The digest, which arrived at the offices, hotels, missions and homes of journalists, diplomats, arms salesmen and other strolling players, was with us every day by about 10am. In the 1960s and early 1970s, the digest was named the Arab World. Later, during the mid-1970s and the torments of civil war, it became the Middle East Reporter, and that is how it has stayed.
Mishlawi and his colleague Ihsan Hijazi ran it from various perches in West Beirut and never failed, through 15 years of turbulence – not to mention two Israeli invasions – to bring their sheet out. The organ survived a Syrian mandate in Lebanon that ran from 1977 to 2005 and an Israeli occupation of Lebanon's south (where Mishlawi's family had been rudely dumped when Israel was created in 1948) that lasted from 1978 to 2000.

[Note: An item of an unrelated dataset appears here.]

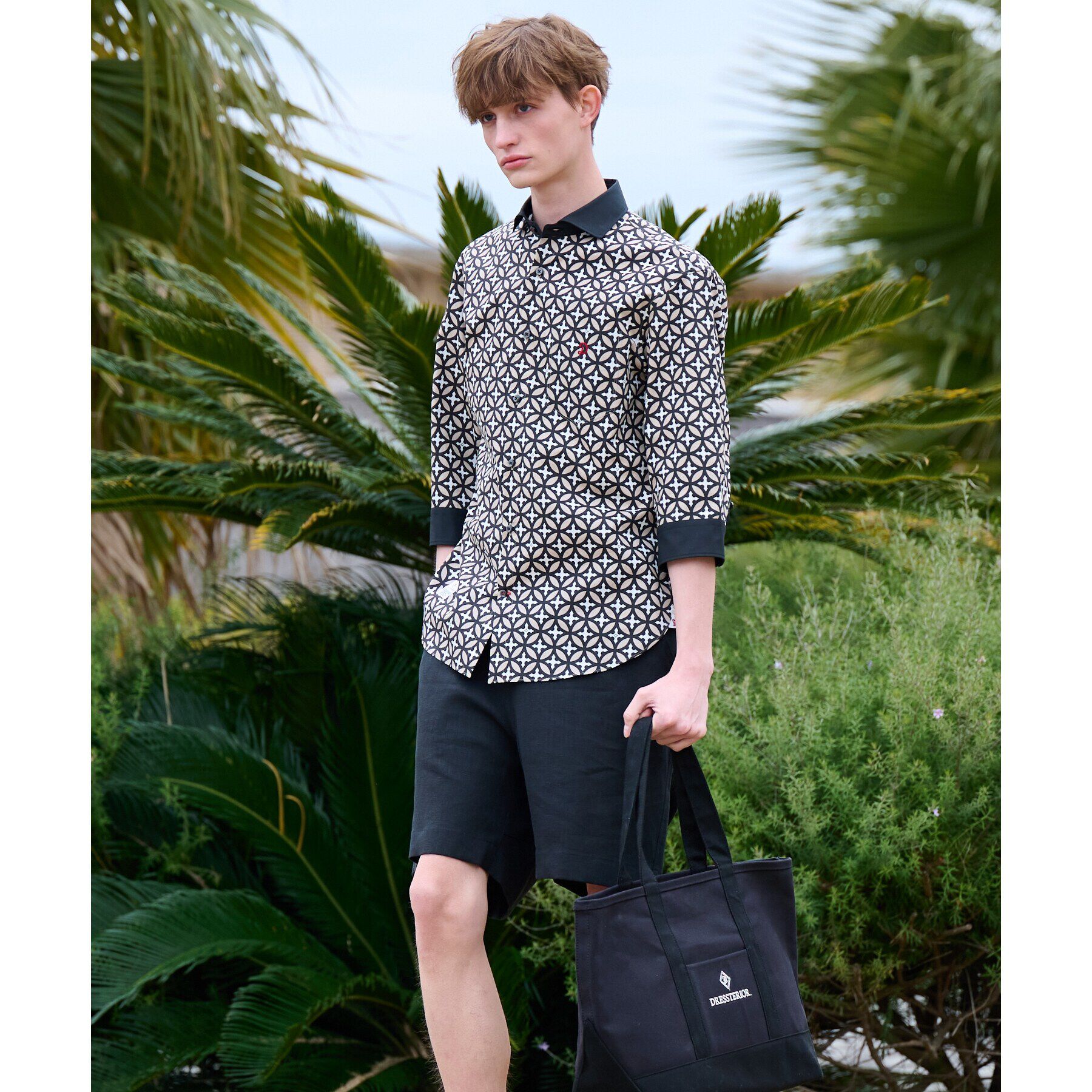 DRESSTERIOR「オーバーラップサークル スリークオーターシャツ」|シャツ・ブラウス|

Mishlawi and Hijazi were both Palestinians. Mishlawi was born in Haifa, Hijazi in Jaffa, which makes it even more extraordinary how deadpan they were as they transmitted the ipsissima verba of the Arab press. Even when Mishlawi did analysis, explanation and background, there was never spin. These two reporters sent dispatches to the New York Times, the Wall Street Journal, the Financial Times and the Daily Express. In an age when everyone had something to say, Mishlawi and Hijazi had a lot to report but let everyone else do the talking.
Mishlawi met his beautiful and dauntless wife, Phillipa Fraser-Orr, at the foreign desk of the Express, in 1976, and in the past years, as illness and misfortune took its toll on her husband, she became the backbone of the organisation. She kept his and the digest's spirits up – always taking on young people, teaching them how to write, be accurate and on time, and easing them into the Middle East.
Tewfik is survived by Phillipa and their son, Nadim, and by Rima and Rami, the children from his previous marriage, to Mahfusa.